Cricket, anti-Semitism, Facebook and running bucks

Updated: Jan 6, 2023



Back when the US had presidents you could admire, Harry S Truman had a sign on his desk that said “the buck stops here”. But when trying to handle a crisis, does the buck stop with the person in charge? The answer is usually, but not always. Let me give a few current examples.

Cricket Australia: Ever since Cameron Bancroft was spotted stuffing sandpaper down his trousers (not something I’d advise in any context), the body in charge of the Australian test team has been in crisis. When the Prime Minister of your country wades in, the top banana has to take charge. And that’s what Cricket Australia chief executive James Sutherland did.

He jumped on a plane to South Africa, quizzed all the key players, held a press conference where he clarified disgraced cricket captain Steve Smith’s vague comments about the “leadership group” to exonerate coach Darren Lehmann, and handed out punishments to the three cricketers involved which seem harsh enough to put a lid on the scandal. I’d expect Ball Tampering to move from front page to footnote pretty quickly.

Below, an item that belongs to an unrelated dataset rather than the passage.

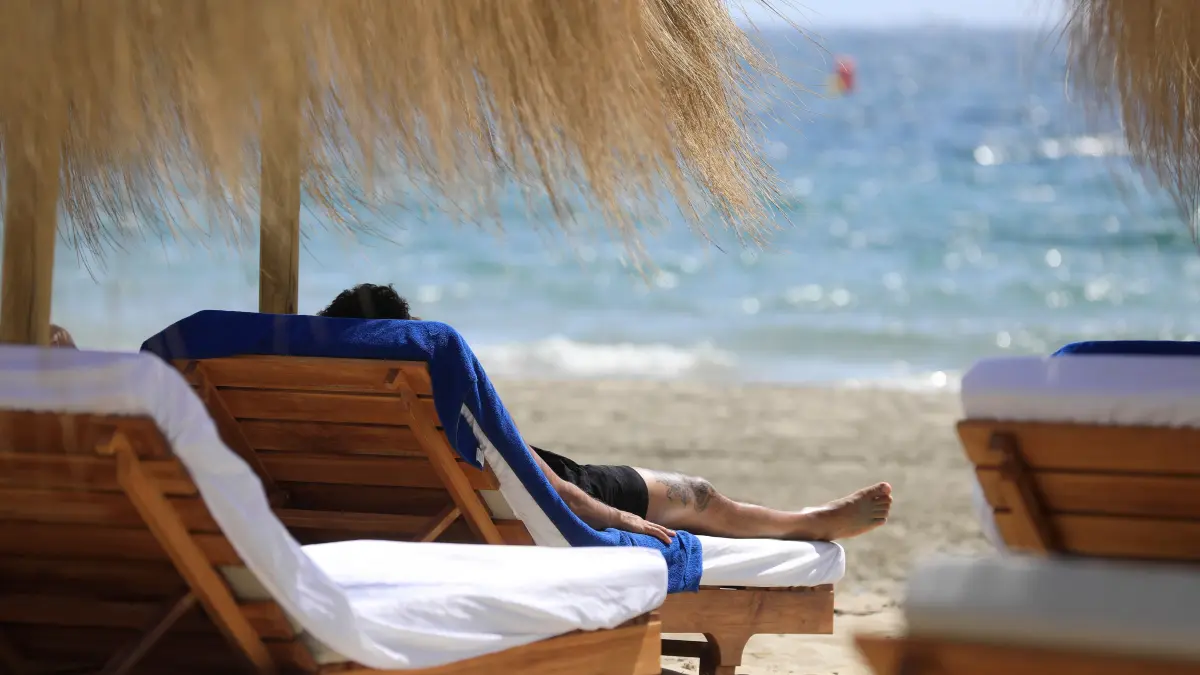Ein Mann sonnt sich am Strand Platja d'en Bossa. +++ dpa-Bildfunk +++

Labour Party: The row about anti-Semitism in the Labour Party has been rumbling for years, and leader Jeremy Corbyn has failed to properly deal with it. The 2016 report by Shami Chakrabarti, the former director of human rights campaign group Liberty, was derided as a whitewash and the pressure built until it exploded after Corbyn criticised the removal of a mural in East London featuring characters that looked like stereotypical depictions of Jews.

The Board of Deputies of British Jews and the Jewish Leadership Council sent Corbyn a letter saying “enough is enough”. The head of the Holocaust Memorial Trust attacked his position. A protest was held outside parliament calling for Corbyn to take decisive action. And what did he do? He said he was “committed to eliminating anti-Semitism” and that the Labour Party could do more.

However, Corbyn has given no interviews on the matter, fielding Andy McDonald, shadow transport secretary (who? why?). By failing to front up on his response, Corbyn looks like he either has something to hide or he doesn’t care. With Sadiq Kahn, after Corbyn the most prominent Labour politician in the UK and probably the most respected, now openly criticising his response, the Labour leadership now faces an existential crisis.

Facebook: Mark Zuckerberg’s refusal to testify before the House of Commons Culture, Media and Sport Committee on the use of customer data to aid the Trump and Brexit campaigns could be seen as arrogance. By saying he will send someone more junior he is implying that Facebook is more important than the British parliament.

If you asked a sample of people they’d probably say it was. However, Facebook needs to send a “responsible adult”, someone senior enough to go back to Menlo Park and have influence over policy and not just a spokesman. If Zuckerberg is cute enough to do this, he might just get away with it.

As a rule of thumb, if you want to douse a fire you need a firefighter, not a spokesperson for the firefighting. It doesn’t always have to be the CEO, indeed as Talk Talk found when it put up the boss, Dido Harding, to try and deal with it’s hacking scandal in 2015, if the CEO isn’t putting a lid on matters you have nowhere else to go.

As Harry Truman might have said: “If the buck doesn’t stop, it keeps on running.”